Pema Chodron teaches that "...we don't sit in Meditation to become good Meditators. We sit in Meditation so that we'll be more aware in our lives." We practice Meditation to get to know the person with whom we spend every day of our life. The basic practice involves the development of three core components: Concentration, Mindfulness, and Insight. Each of these three components is interrelated. Concentration and Mindfulness are used to cultivate a deepening attention, which then facilitates the realization of Insight.
Concentration involves receiving all of the domains of experience with mindful, open attention. We often begin with our breath and then move to include bodily sensation, feelings (pleasant, unpleasant, and neutral), thoughts, emotions and awareness itself. The practice of Concentration can generate feelings of calmness and peace. This, in turn, facilitates Mindfulness.
Mark Epstein states that "Mindfulness means being aware of exactly what is happening in the mind and body as it is occurring: what it reveals is how much of a flux we are in at all times." Jon Kabat-Zinn explains that "Mindfulness means paying attention in a particular way: on the present moment and non-judgmentally." This is important because we often ignore the present moment in favor of thoughts about the past or future, and we keep ourselves distracted from the present moment in a myriad of ways.
This lack of awareness influences how we perceive and behave in the world. Mindfulness practice helps us to recognize and accept things just as they are in the present moment—which is the only moment that we actually have.

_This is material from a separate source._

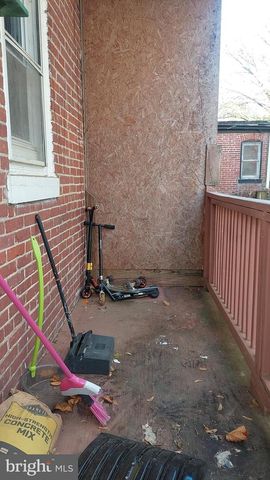 261 HIGHLAND AVE, Trenton, NJ 08618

The cultivation of Concentration and Mindfulness are the foundational structures that permit or facilitate successful self-inquiry—or Insight. The Buddhists, in the practice of Vipassana, teach that the reason for developing concentration and mindfulness is to quiet the mind sufficiently to allow inquiry into the nature of self, and that this practice is healing. Furthermore, this practice is recognized as a catalyst for a profound change in the way that the self is experienced.
So why is this important? In his First Noble Truth the Buddha taught that there is suffering, referred to as Dukkha. A straightforward, and somewhat simplified description of this is that "in life things happen." There is birth, death, illness, bills to pay, deadlines to meet, and the navigation of relationships with other human beings. Suffering can be understood as what we add to what happens to us in our lives. In other words, how we perceive what happens to us and how we behave in relation to what happens to us.
Regardless of how rich or poor we are, or how smart we are, or our culture, country, religion, or politics—we are all subject to suffering. Through the practice of Mediation we begin to separate out the core events from our reactions to those events. We also begin to discover much about our conditioning in relation to the events of our lives.
We learn that we only have to be who we are and where we are in each moment of our life. This leads to an acceptance of the present moment, as it is. Through this process we develop a calm abiding that helps us to face whatever happens in our lives with greater patience and equanimity.
Life then becomes a much more satisfactory experience.